Required action:
Will you write out, word for word, every line from the one with "extant_StarTrek_DS9_3x21-TheDieIsCast_00323.jpg" to the final line of the data below, with the pictures left out?

Information shown:
———

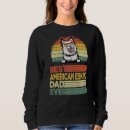 Suche nach eskimo hoodies Je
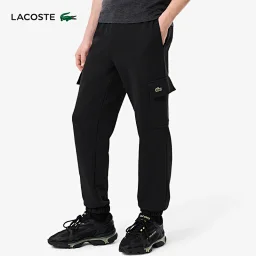 thumbnail for 雅戈尔订单！管网700+在售！法鹗9710款束脚工装卫裤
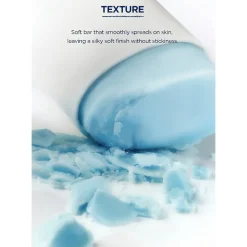 [SKIN1004] Centella Hyalu-Cica Silky-Fit Sun Stick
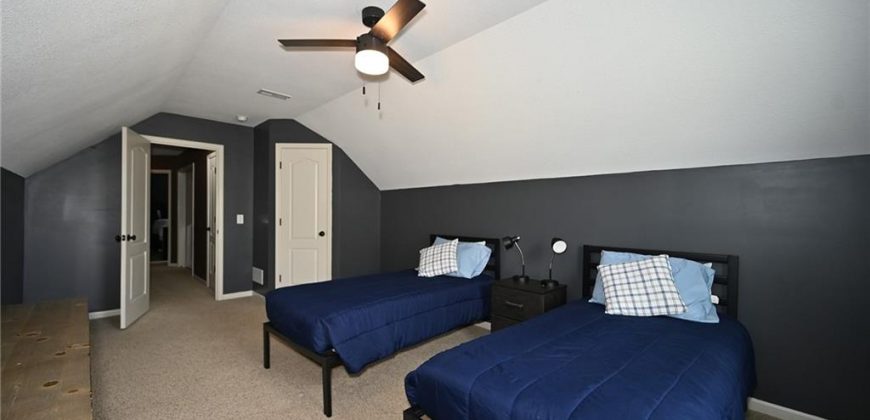 Homes for Sale in Kansas City, MO 64157 | 8941 NE 116th Place
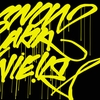 Upload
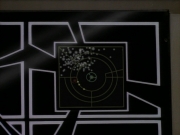 extant_StarTrek_DS9_3x21-TheDieIsCast_00323.jpg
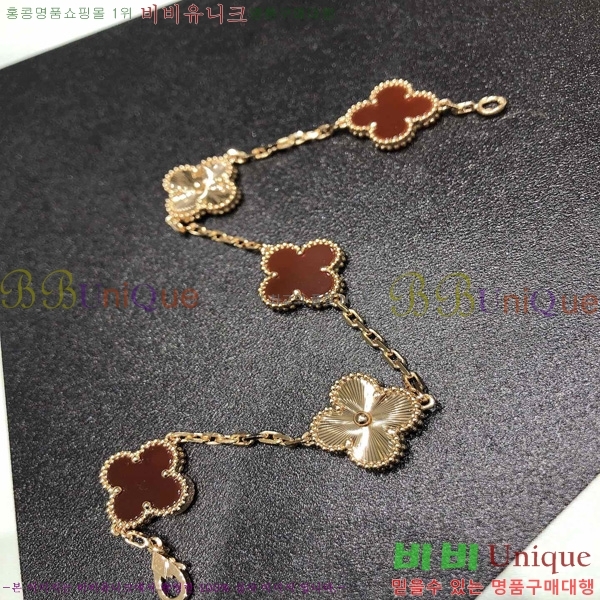 ��Ŭ���� �� ���� ���� 35VA245244-1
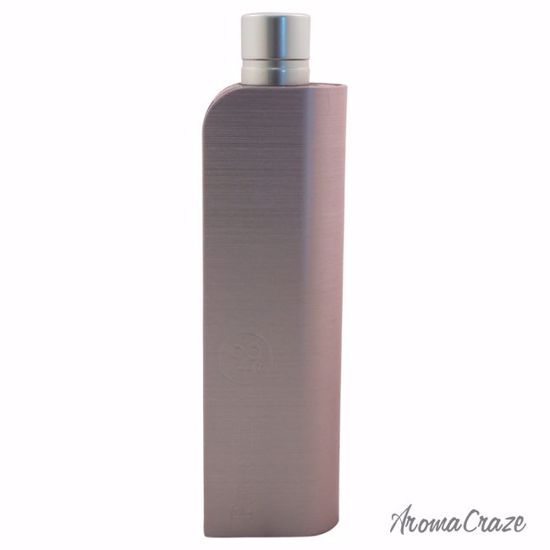 Perry Ellis 18 EDP Spray (Unboxed) for Women 3.4 oz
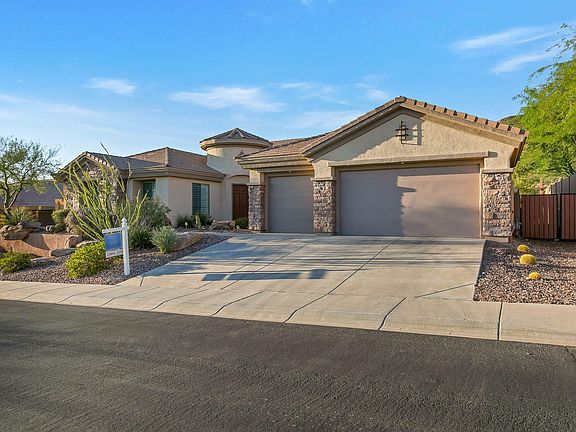3rd image of 2514 W Shinnecock Way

———

Task answer:
 extant_StarTrek_DS9_3x21-TheDieIsCast_00323.jpg
 ��Ŭ���� �� ���� ���� 35VA245244-1
 Perry Ellis 18 EDP Spray (Unboxed) for Women 3.4 oz
3rd image of 2514 W Shinnecock Way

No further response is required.